Hilo International Airport reported its lowest August total since 2008, with 4.25 inches, 43% of its August norm of 9.85 inches. However, Hilo’s 74.64 inches of rainfall is 93% of its yearly norm of 79.94 inches for the first eight months of the year.
Mountain View reported 7.43 inches of rain last month, a bit more than half of its usual 13.64 inches for August. The upper Puna village is one of the few populated spots on the windward side of the island experiencing normal rainfall for the year, with 113.59 inches, 0.6 inches above norm for the first eight months.
Further upslope in the Puna rain forest, the gauge at Glenwood tallied just 7.8 inches, 42% of its average August total of 18.37 inches. The customarily rainy spot has recorded 119.77 inches for the year, but that’s just more than three-quarters of its year-to-date norm of 154.48 inches.
Hakalau, a few miles north of Hilo, had an extremely dry August with only 1.31 inches, less than one-fifth of its August norm of 7.05 inches. It’s been a wet year so far, though, for the hamlet, with 79.33 inches, 160% of its average of 49.48 inches.
As previously noted, all four official gauges in the Kona coffee belt recorded above-average rainfall totals in August, with Kealakekua reporting 8.54 inches, Kainaliu measuring 8.06 inches, Waiaha tallying 7.72 inches and Honaunau checking in with 7.54 inches. Honaunau’s total was 129% of norm, giving it the driest August in the coffee belt, relatively speaking.
Not every West Hawaii spot shared in the rainfall bounty, however.
Ellison Onizuka Kona International Airport at Keahole recorded just 0.53 inches, 38% of its average August of 1.39 inches.
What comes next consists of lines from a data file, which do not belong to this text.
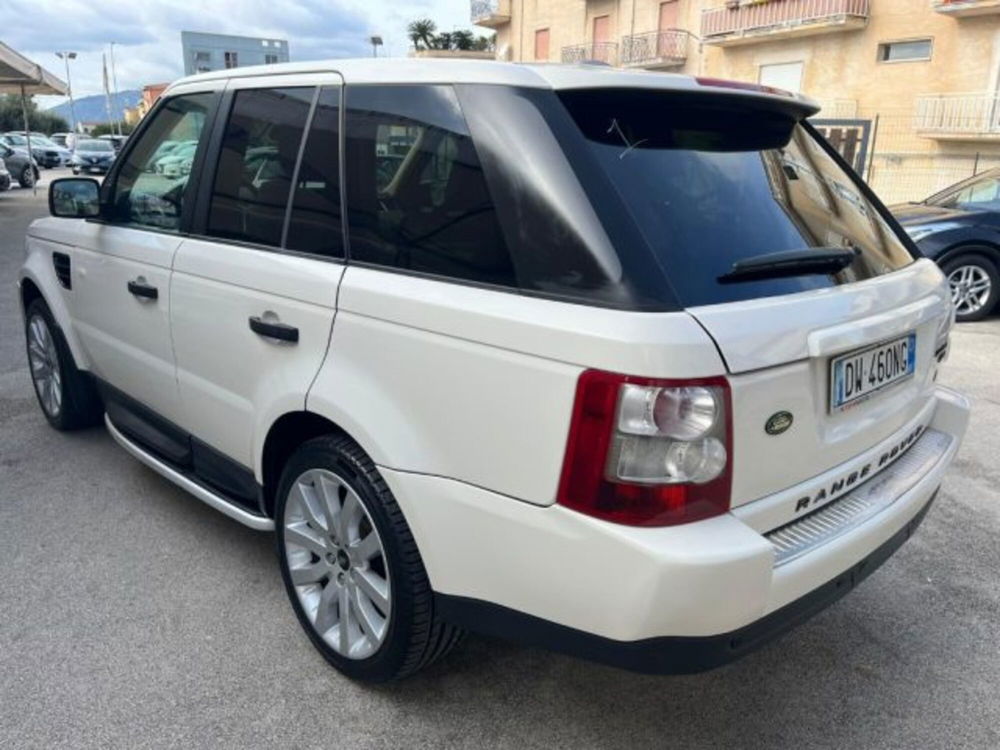 Land Rover Range Rover Sport usata a Trapani (5)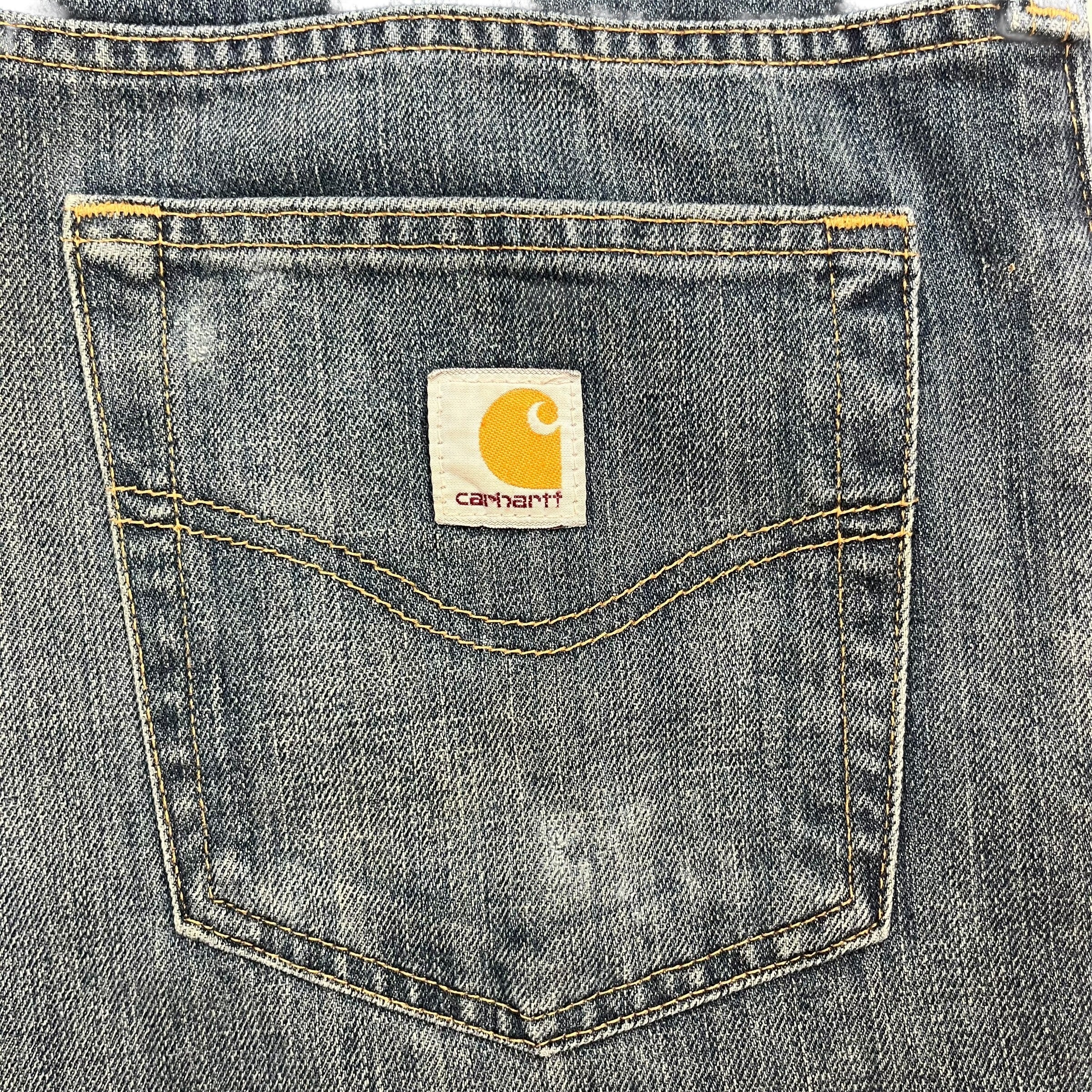 Vintage Carhartt Denim Medium Wash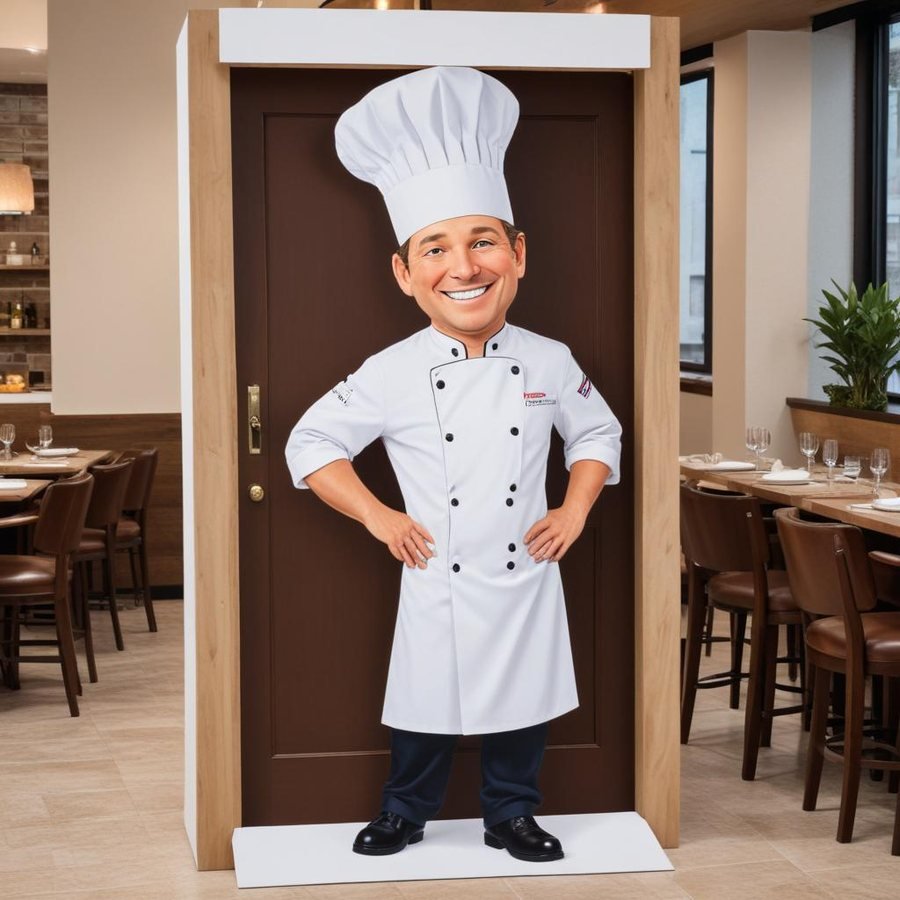 Figuras Tamaño Real — Next Print, Cranston RI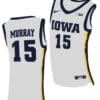 Keegan Murray Jersey Iowa Hawkeyes College Basketball White #15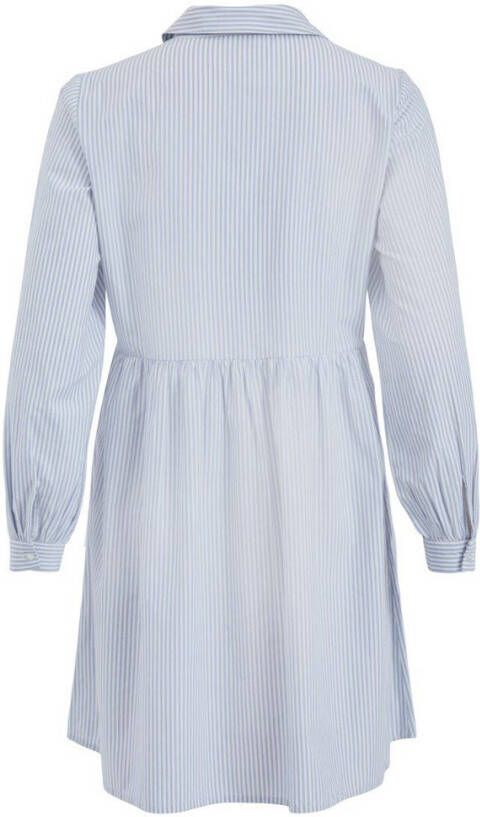 Vila Jurk met v hals lange mouwen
It’s also a drier-than-normal year at the relatively arid airport, with 9.22 inches, three-quarters of its year-to-date norm of 12.11 inches.
“Conditions were very dry in many areas of the Big Island, especially during the latter half of August. The exception is the Kona slopes region, which received ample rainfall during the summer,” Kodama said.
According to Kodama, August also was notable for “the lack of tropical cyclone activity.”
“August is historically the most active month for tropical cyclones in the central North Pacific basin with a long-term average of one to two systems,” he said. “However, there were no tropical cyclones during the entire month, leaving the 2020 season count at two, a system in June and another in July.”